In this upcoming five year span Whatcom will be seeing some changes in food sold on campus.
“It could be anything,” Langstraat said. “It could be more local sourcing, it could be working with our current provider to negotiate different options and services for our students.”
Within these changes Whatcom students will see the completion of The Phyllis & Charles Self Learning Commons in 2019. This building will add another area for students to eat.
“As for the new building, it will have a nice food service cafe in it, whoever our provider is will have the first right to provide their service there,” Langstraat said.
Presently, there are three food service locations on the Whatcom campus: Dockside Café, Orca Bay Café, and Kulshan Coffee Cart. These three food locations are not all created equal.
Orca Bay Cafe only received 7 percent of the total customers in the past year while Dockside Café gets 79 percent and the Kulshan Coffee Cart 14 percent.
The gap in equality will be a focus in the food department the next five years.
“I think the number one priority is trying to figure out from a student perspective why. Is it the price point, is it what’s being served? I believe all of that can be addressed through the RFP process and negotiations,” Langstraat said.

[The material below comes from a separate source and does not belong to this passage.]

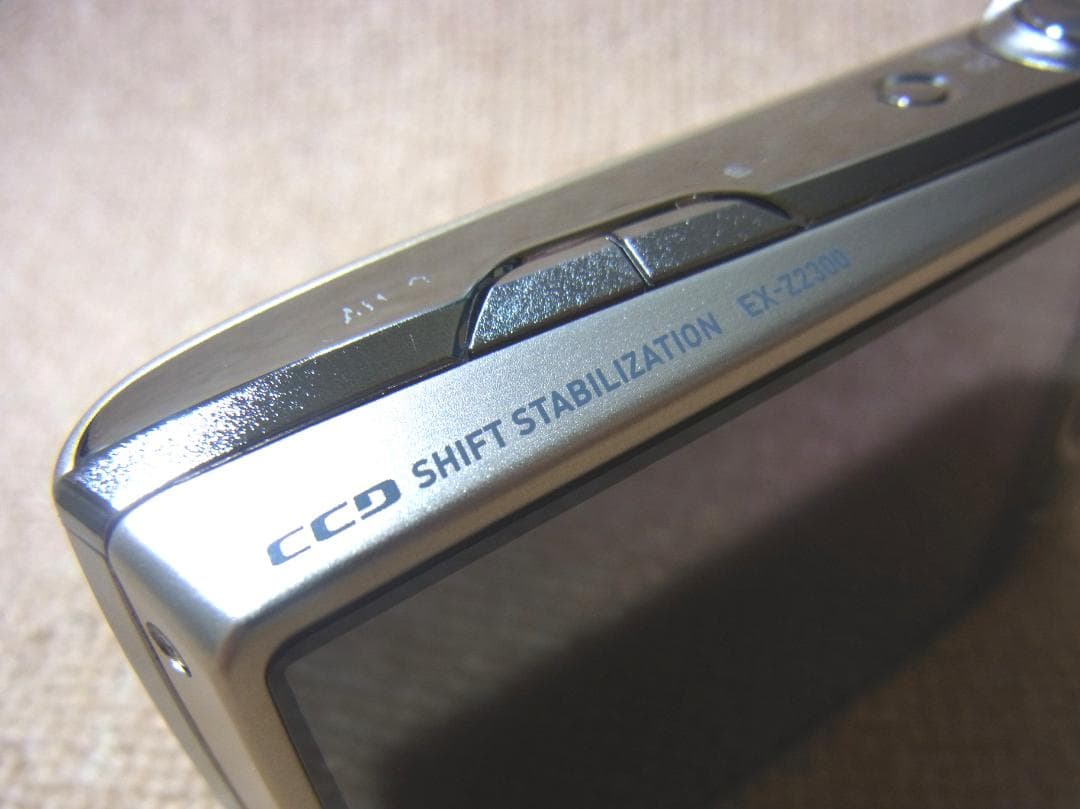 CASIO EXILIM EX-Z2300 カシオ製デジカメ 動作OK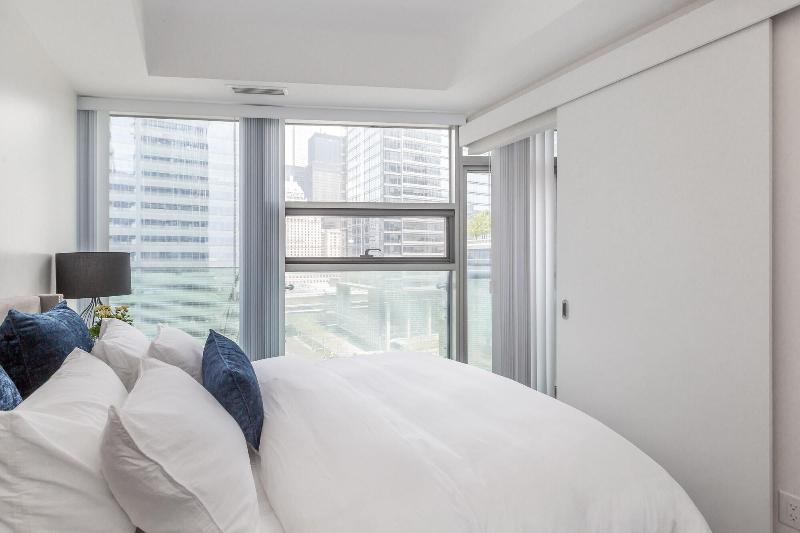 Отель Noel Suitesyork St And Lakeshore Blvd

Langstraat said he is aware the locations on Whatcom’s campus are disproportionate and stretched out. Getting a quick snack in between classes can be a struggle due to the poor layout and minimal choices.
“I do think once we open the new building in a couple years, that will be when we close the Kulshan Coffee Cart, because we won’t need two food services so close to each other,” Langstraat said. “For new locations, the main provider will always have the first right to new locations, but if they don’t want to, then we will look for a bid for just that location.”
Langstraat said quick food possibilities like trucks and carts are a possibility.
“There are several ways to do that, some campuses for example, only bring in trucks, but they run it through their food service management and they organize when the trucks will be there,” Langstraat said. “Or it can be managed separately, if the contract does not exclude somebody else. Although most services ask for exclusivity on the campus.”
Contracts are now being reviewed and processed. By June 9, 2017 the board members will come to a decision.